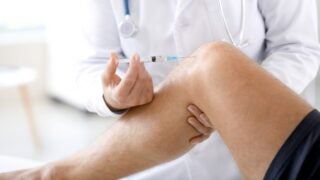 Person getting a knee injection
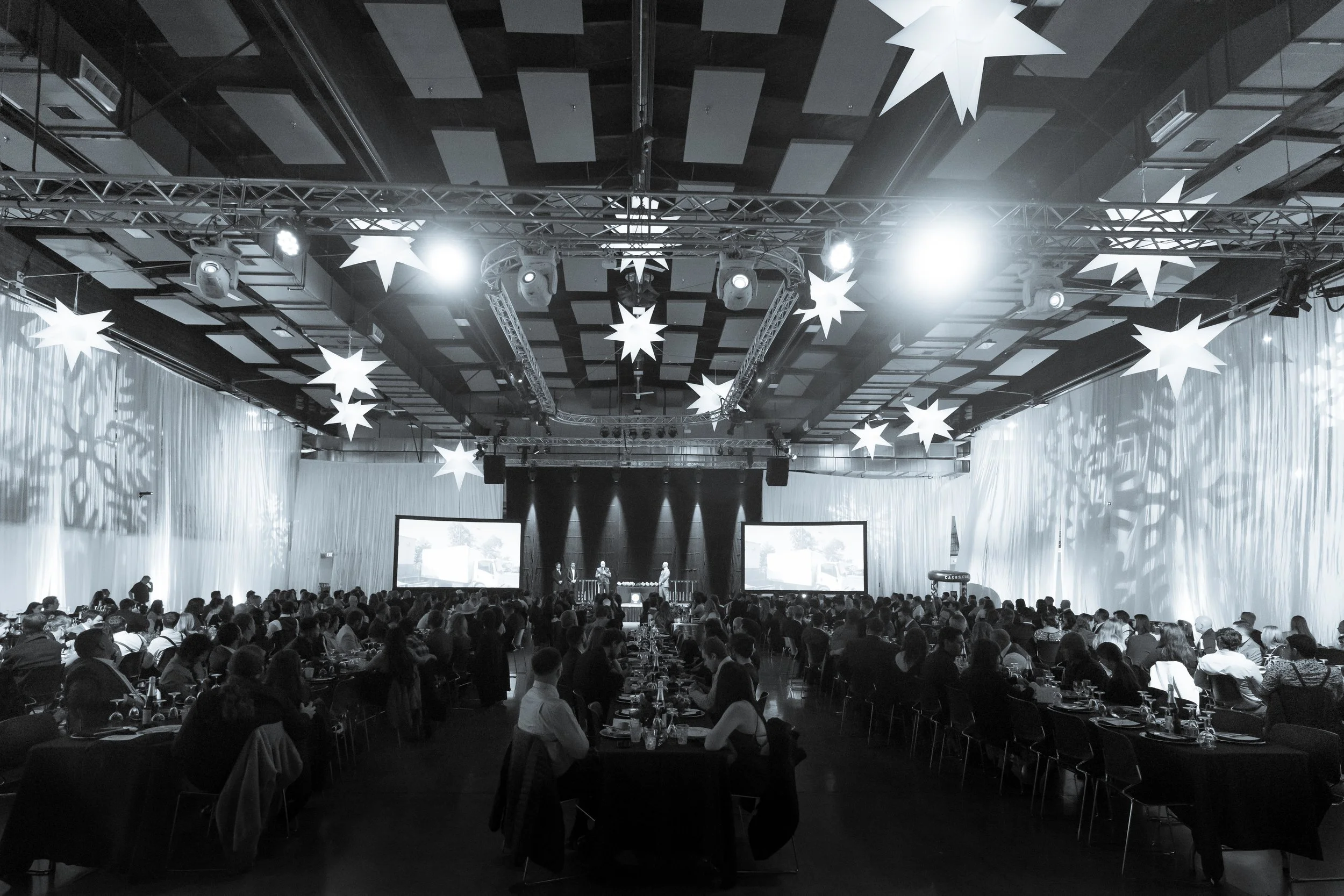 Large conference or event hall filled with seated attendees listening to a presentation on stage with large screens. The ceiling has decorative star-shaped lights and stage lighting.
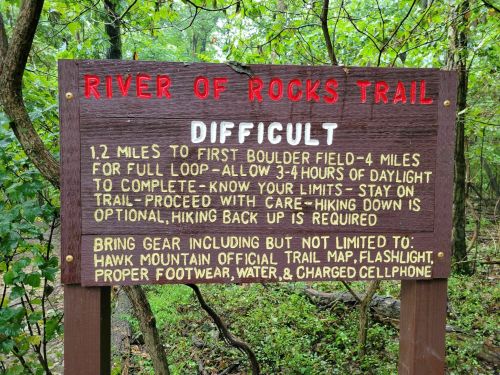 Sign for River of Rocks Trail, listing difficulty, distance, and safety tips for hikers, including gear recommendations.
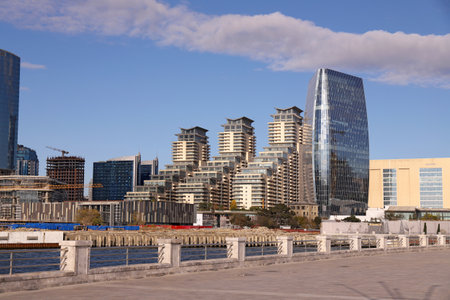 baku city. Azerbaijan. 11.28.2020. Modern buildings in the seaport area.のeditorial素材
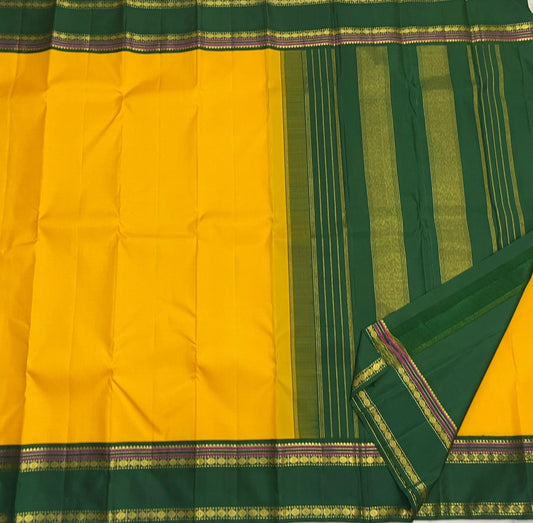 Yellow Pure Kanchipuram silk saree featuring classic rudhraksham butta motifs with mustard green rettapet zari border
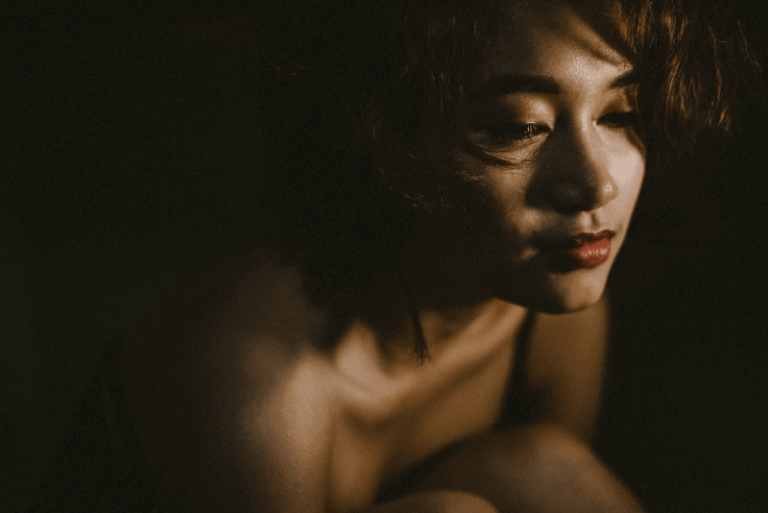 close-up photo of woman in dark room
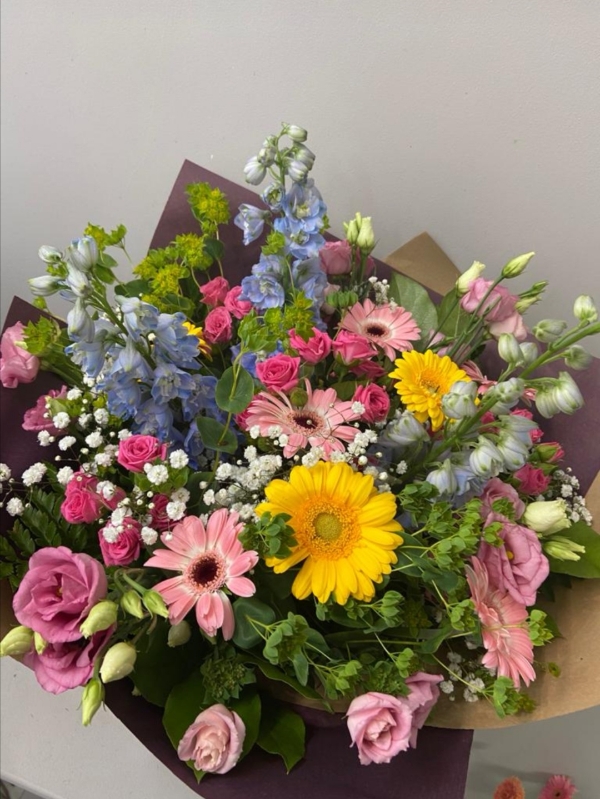 Mixed garden style bouquet to include blue delphiniums, cerise spray roses, pink Lisanthius, gypsophilium, daisies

→ Assigned task: Begin with the line holding "Large conference or" and end with the last line of the listing. Reproduce each of those lines exactly, and leave every picture out.

→ Response below:
 Large conference or event hall filled with seated attendees listening to a presentation on stage with large screens. The ceiling has decorative star-shaped lights and stage lighting.
 Sign for River of Rocks Trail, listing difficulty, distance, and safety tips for hikers, including gear recommendations.
 baku city. Azerbaijan. 11.28.2020. Modern buildings in the seaport area.のeditorial素材
 Yellow Pure Kanchipuram silk saree featuring classic rudhraksham butta motifs with mustard green rettapet zari border
 close-up photo of woman in dark room
 Mixed garden style bouquet to include blue delphiniums, cerise spray roses, pink Lisanthius, gypsophilium, daisies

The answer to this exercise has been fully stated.